#### EXERCISE INPUT:
--- START ---

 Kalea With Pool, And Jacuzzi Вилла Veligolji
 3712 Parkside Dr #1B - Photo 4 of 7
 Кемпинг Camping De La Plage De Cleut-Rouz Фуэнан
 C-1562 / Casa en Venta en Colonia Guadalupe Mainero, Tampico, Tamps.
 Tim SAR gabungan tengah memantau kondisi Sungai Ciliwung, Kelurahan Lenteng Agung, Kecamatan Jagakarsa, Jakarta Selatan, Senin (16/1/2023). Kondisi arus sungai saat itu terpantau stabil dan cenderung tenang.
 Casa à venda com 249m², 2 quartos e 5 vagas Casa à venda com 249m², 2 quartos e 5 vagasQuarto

--- END ---
--- START ---

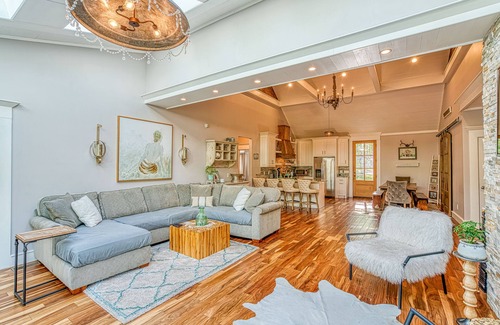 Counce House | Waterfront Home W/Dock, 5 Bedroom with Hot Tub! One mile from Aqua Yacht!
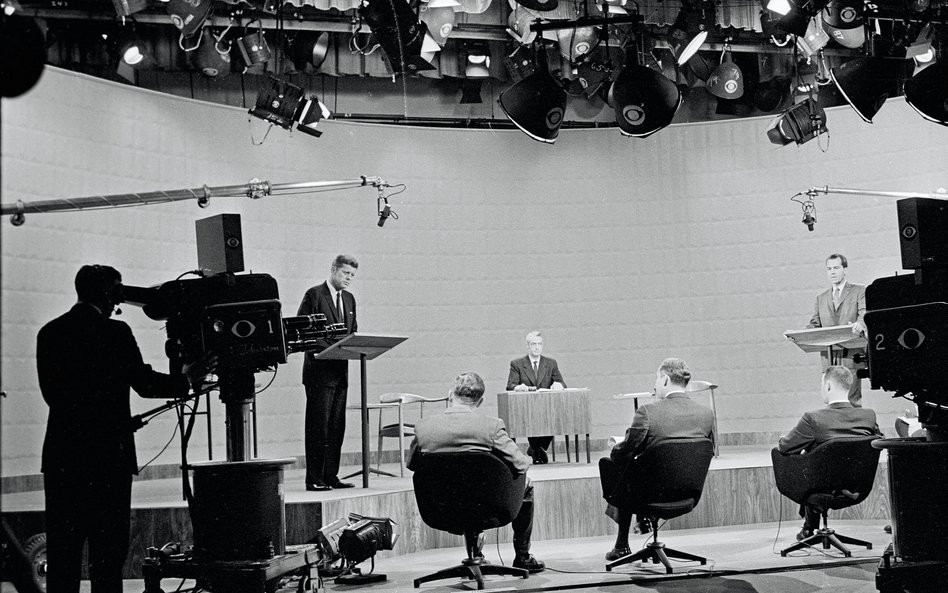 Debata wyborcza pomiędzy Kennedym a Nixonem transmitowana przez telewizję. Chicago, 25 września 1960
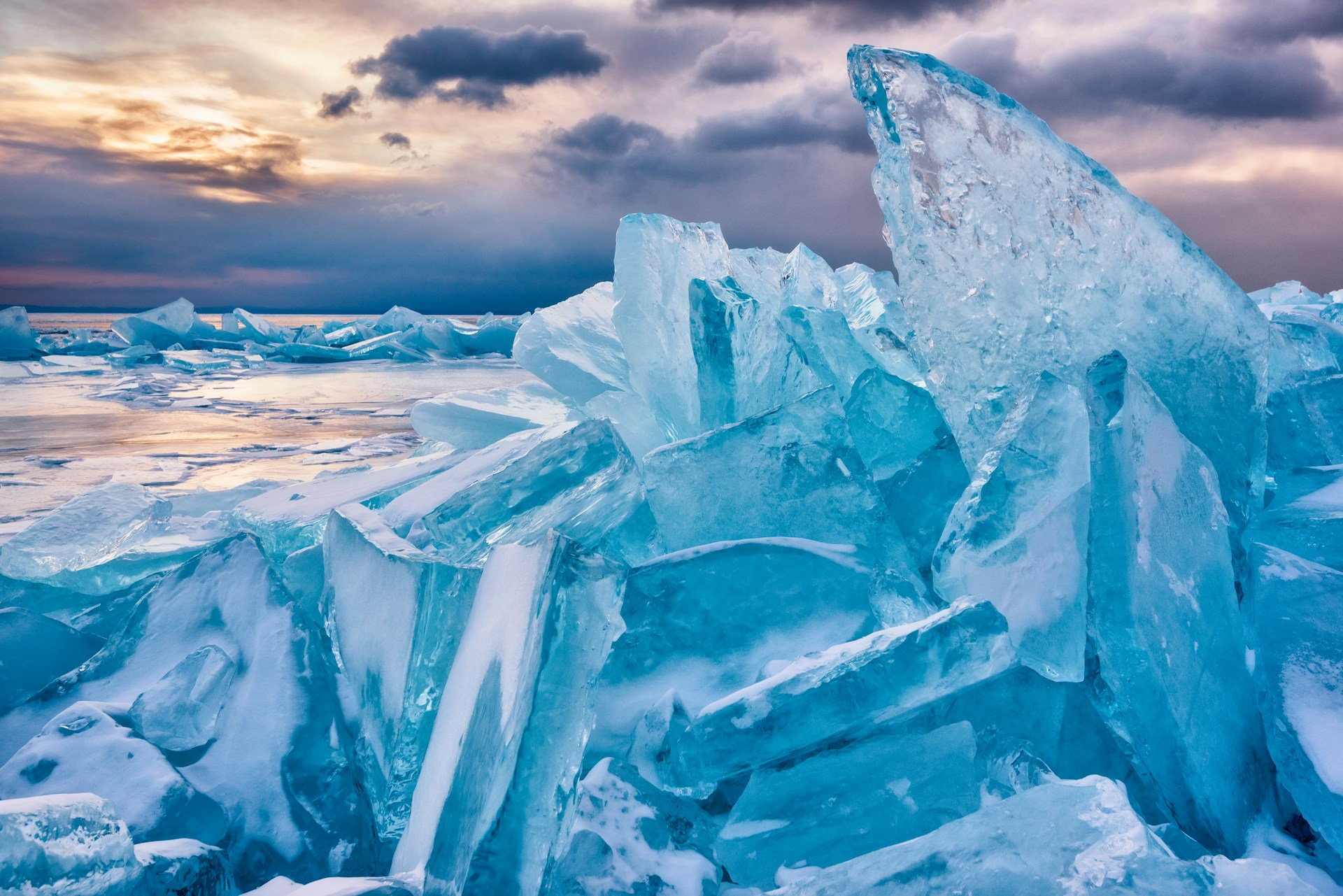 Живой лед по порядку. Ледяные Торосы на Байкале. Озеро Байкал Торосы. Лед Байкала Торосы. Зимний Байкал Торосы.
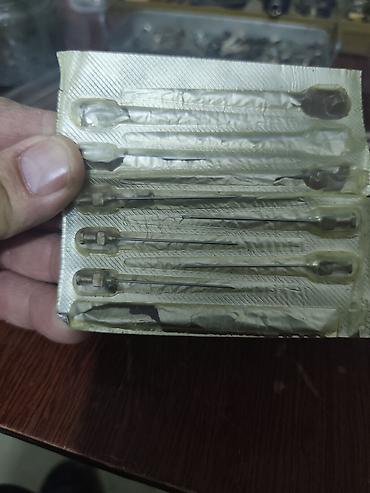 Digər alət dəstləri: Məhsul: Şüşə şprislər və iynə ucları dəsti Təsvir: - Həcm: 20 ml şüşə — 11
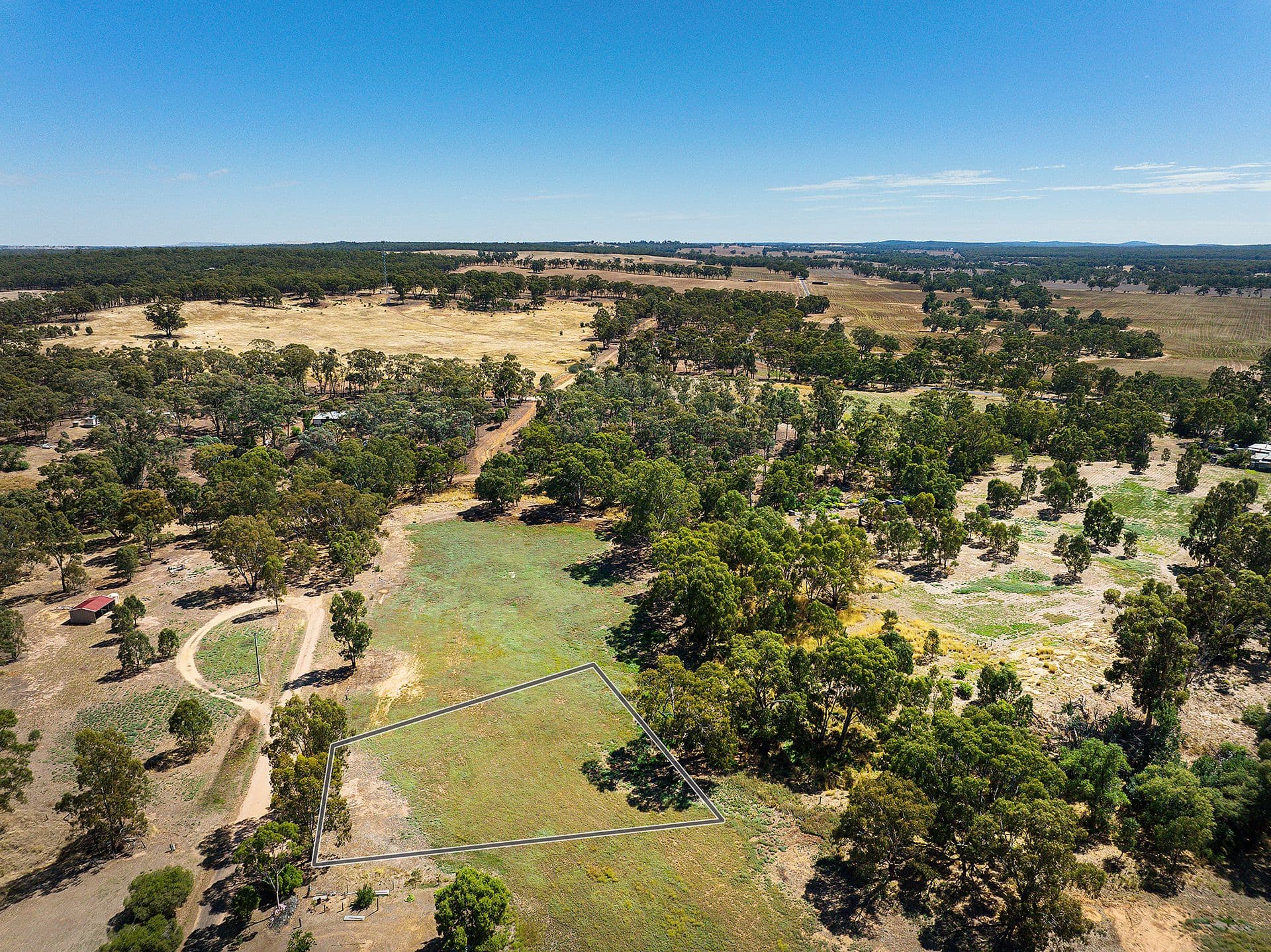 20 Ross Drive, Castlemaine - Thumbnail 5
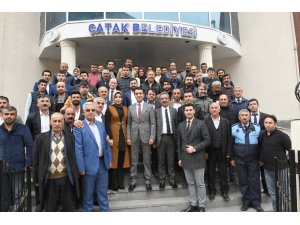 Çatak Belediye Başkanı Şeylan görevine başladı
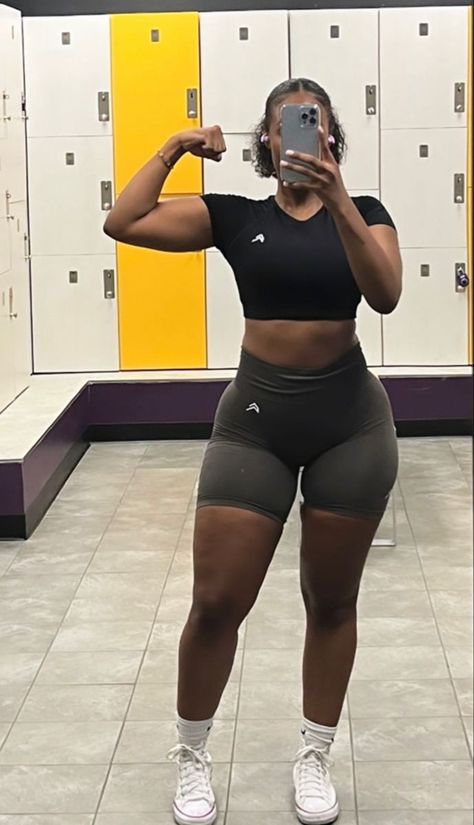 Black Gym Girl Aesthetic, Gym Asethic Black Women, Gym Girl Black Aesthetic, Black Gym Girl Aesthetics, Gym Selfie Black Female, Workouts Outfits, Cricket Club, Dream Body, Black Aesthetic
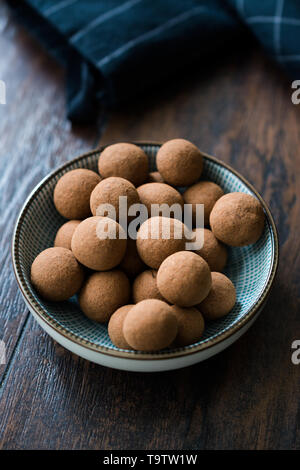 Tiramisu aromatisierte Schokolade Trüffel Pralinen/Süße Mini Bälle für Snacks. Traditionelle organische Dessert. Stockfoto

--- END ---
--- START ---

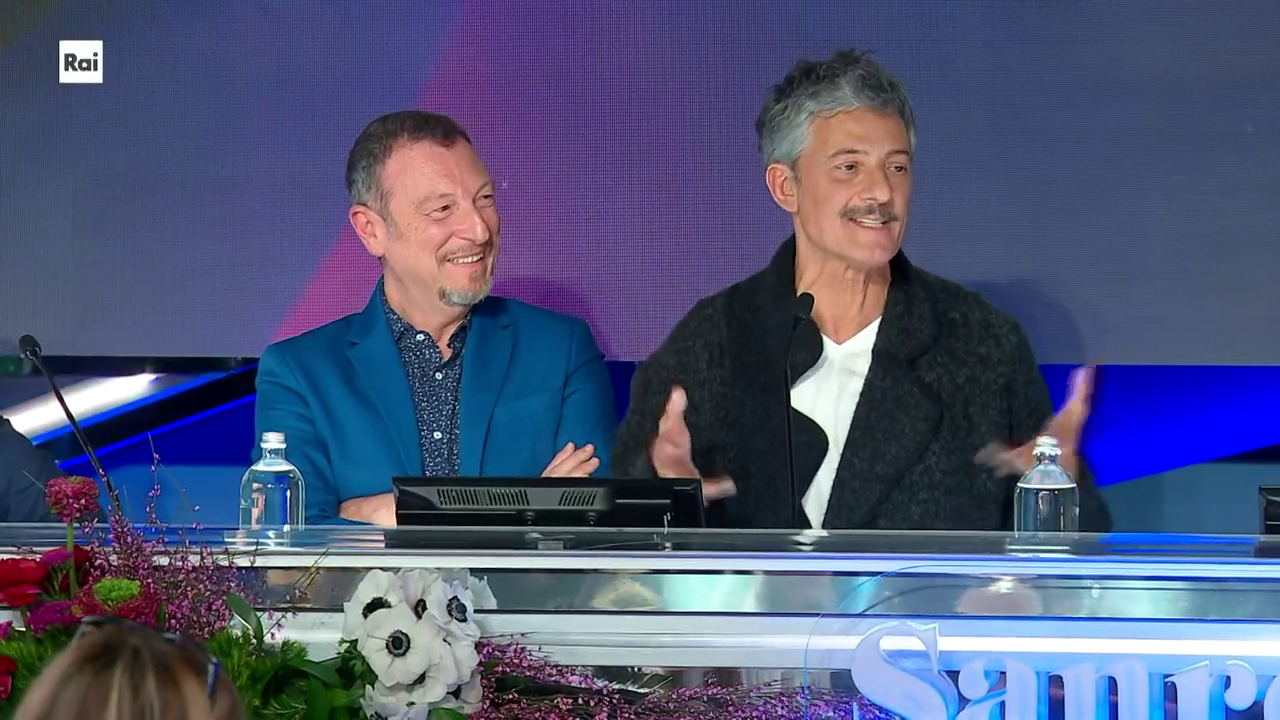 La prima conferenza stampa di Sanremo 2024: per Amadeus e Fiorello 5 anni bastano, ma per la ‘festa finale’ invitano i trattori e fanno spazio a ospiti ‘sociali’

--- END ---

Using the entries above, extract exactly the span from the line with "Kalea With Pool, And Jacuzzi Вилла Veligolji" to the line with "Tim SAR gabungan", both lines included; leave out everything else.

 Kalea With Pool, And Jacuzzi Вилла Veligolji
 3712 Parkside Dr #1B - Photo 4 of 7
 Кемпинг Camping De La Plage De Cleut-Rouz Фуэнан
 C-1562 / Casa en Venta en Colonia Guadalupe Mainero, Tampico, Tamps.
 Tim SAR gabungan tengah memantau kondisi Sungai Ciliwung, Kelurahan Lenteng Agung, Kecamatan Jagakarsa, Jakarta Selatan, Senin (16/1/2023). Kondisi arus sungai saat itu terpantau stabil dan cenderung tenang.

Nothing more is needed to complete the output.